Se puede vivir sin esperanza y ser amable, generoso, ingenuo, valeroso, exigente, comprometido… De hecho, creo que es la única forma de encarar con dignidad y sin cinismo los tiempos venideros. Que empezaron, por cierto, hace ya mucho tiempo
Escucho una brillante intervención del periodista Pedro Vallín en la que, contra el prestigio fácil de los sombríos, reivindica el optimismo al mismo tiempo que se desmarca de la ingenuidad. Yo sostengo lo contrario: hay que ser pesimista y defender la ingenuidad. Vallín, que dice cosas muy sensatas, confunde planos paralelos. Todas las noticias –las sedicentes “nuevas”– proceden de la historia y si alguna excepcionalmente es buena tiene que ver con el heroísmo, es decir, también con la excepción. No puede ser noticia que “una madre ha cambiado a regañadientes, sin un gramo de optimismo, los pañales de su hijo y luego le ha besado el ombligo”. La normalidad, que es bonachona, no está en la historia y no hace la historia; remienda sus desaguisados y sostiene sus ruinas. Hace falta mucha ingenuidad para volver a empezar todos los días en un mundo tan malo; hace falta mucha ingenuidad para volver a encender el fuego, regar las flores, velar al enfermo. Constituiría una mala noticia, a mi juicio, que esos gestos cotidianos pasaran a ser noticia, pues indicaría que también la rutina salvífica se ha convertido en anomalía histórica. Abusando de una metáfora de “género”, podríamos decir que el optimismo es propio de los hombres, que se engañan sobre el futuro, sobre el gobierno, sobre sus propios méritos; y que se embarcan, con destructivo optimismo, en proyectos fantasiosos que bombardean ciudades y levantan patíbulos. Las mujeres no suelen engañarse sobre sus maridos ni sobre sus políticas; son pesimistas y lo son precisamente porque están acostumbradas a reparar daños que saben inevitables. Son pesimistas pero ingenuas. No esperan nada mejor de la historia, pero siguen creando en sus anfractuosidades las condiciones para que, mientras se viene abajo, el mundo siga siendo vivible. Por eso precisamente no se ha venido abajo.
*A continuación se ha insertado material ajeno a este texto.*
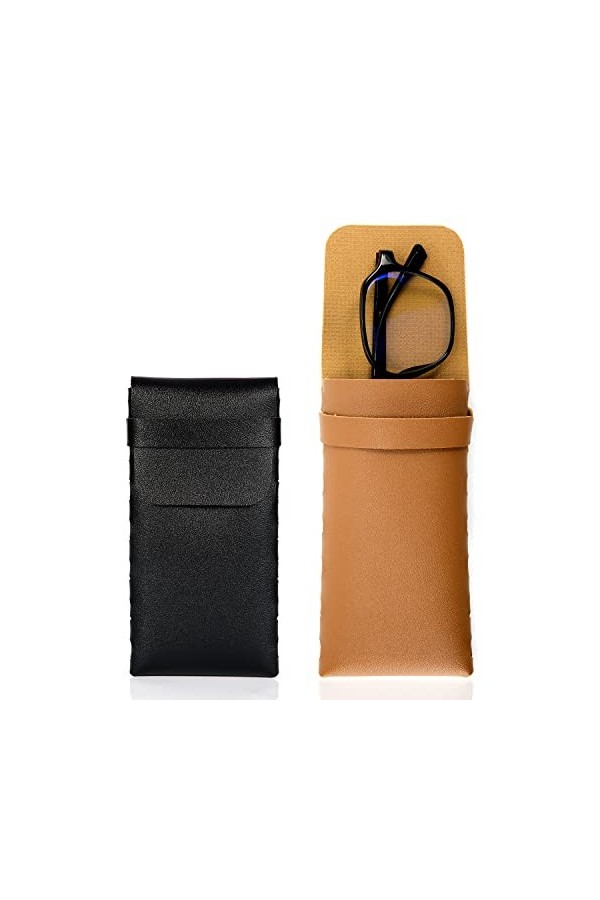 KINBOM 2pcs Étui à Lunettes Souple, 16x7,9cm Étui à Lunettes en Cuir, Portable&nbsp;Étui&nbsp;à&nbsp;Lunettes de Soleil Souple&nbsp;Pochette en C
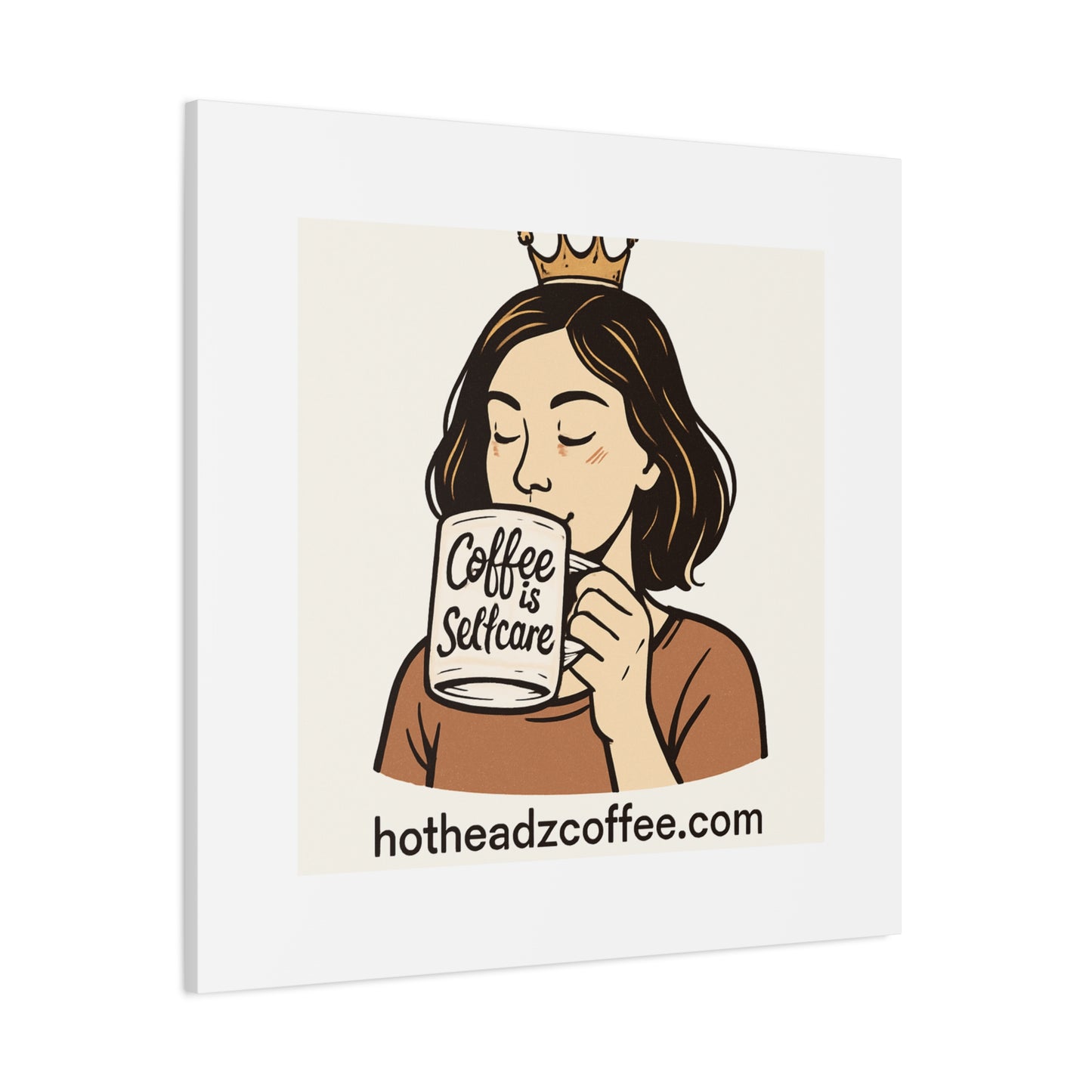 Coffee Is Self-Care Canvas Wall Art — Woman Drinking Coffee Illustration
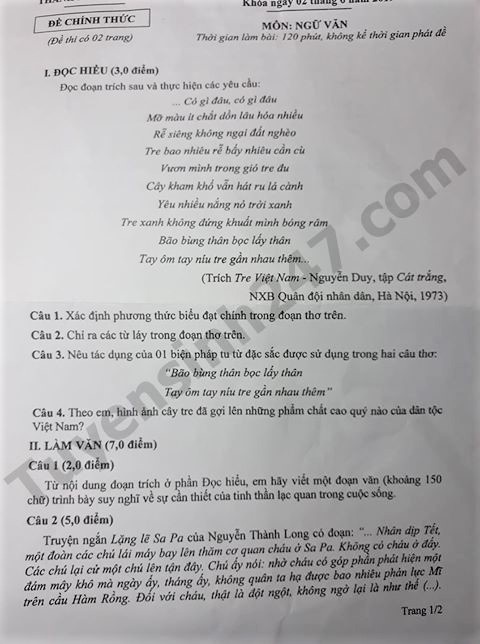 goi y dap an de thi tuyen sinh lop 10 mon van so gddt can tho 2019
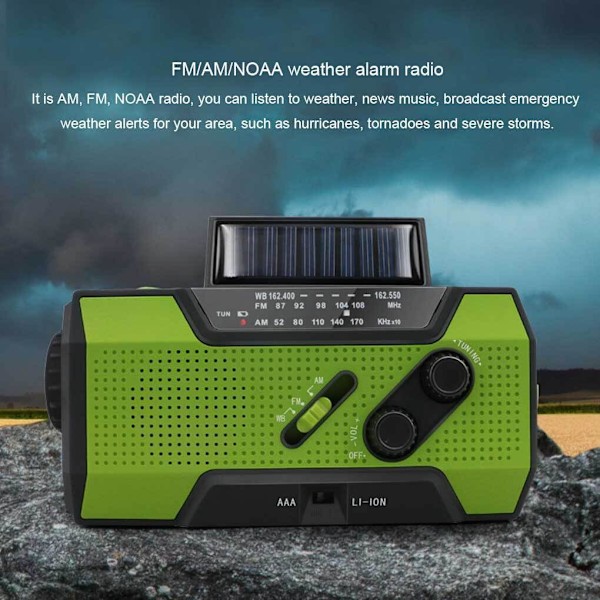Aurinkokennoradio, AM/FM-sääradio käsikammella ja kannettava 2000 mAh:n varavirtalähde (vihreä)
Pero no se pueden confundir los dos niveles –el de la condición humana y el de la condición histórica del ser humano– y considerar que la banalidad del bien desmiente de algún modo el progreso histórico hacia la destrucción del mundo. Las malas noticias estridentes dicen mucho acerca de la historia, incluidos en ella los periódicos; las buenas inaudibles dicen mucho acerca de la humanidad. El optimismo consiste en confundir una y otra; en creer que la humanidad que engrana en la historia es la misma que remienda sus harapos; en pensar que la humanidad que cuida enfermos y da abrigo al friolero está al mando de la historia. El ingenuo acomete estas gigantescas minucias a sabiendas de que la sociedad y la vida son ya solo refugios frente a una nueva Naturaleza cuyas leyes severas se imponen una y otra vez al margen de nuestra solidaridad y nuestra abnegación. Nuestra sorpresa al ver a los buenos vecinos que ayer nos prestaron sal hacer el mal al día siguiente quedaría muy amortiguada si comprendiésemos este desdoblamiento vital: unos días trabajamos para la historia y otros para la humanidad. De hecho, trabajamos muchos más días para la humanidad sin que se note; pero el día –o la hora– en que trabajamos para la historia destruimos de un plumazo todo lo que hemos levantado. Por eso la historia siempre nos va a llevar ventaja; y por eso no podemos ni debemos ser optimistas. Debemos ser –más bien– ingenuos pesimistas capaces de coser lentamente un botón en medio de los escombros o de abrir trabajosamente un paraguas frente a la avalancha del tsunami (o de estudiar a fondo los gasterópodos y el teatro isabelino mientras se incendia la casa). El optimismo suele ser la antesala del cinismo, que es el más potente acelerador de la historia, pues desprecia a esa humanidad que se opone a ella con trebejos caseros, con cucharas y vendas y palillos. El que ha perdido la ingenuidad a fuerza de optimismo, se regodea en la impotencia; el cínico obtiene ventaja en ridiculizar el gesto ingenuo del bombero pesimista, de la madre regañona, del enfermero brusco. El trabajo en favor de la humanidad es un trabajo perdido, es verdad, salvo porque mantiene con vida a la humanidad, donde aún pasamos algunas horas al día.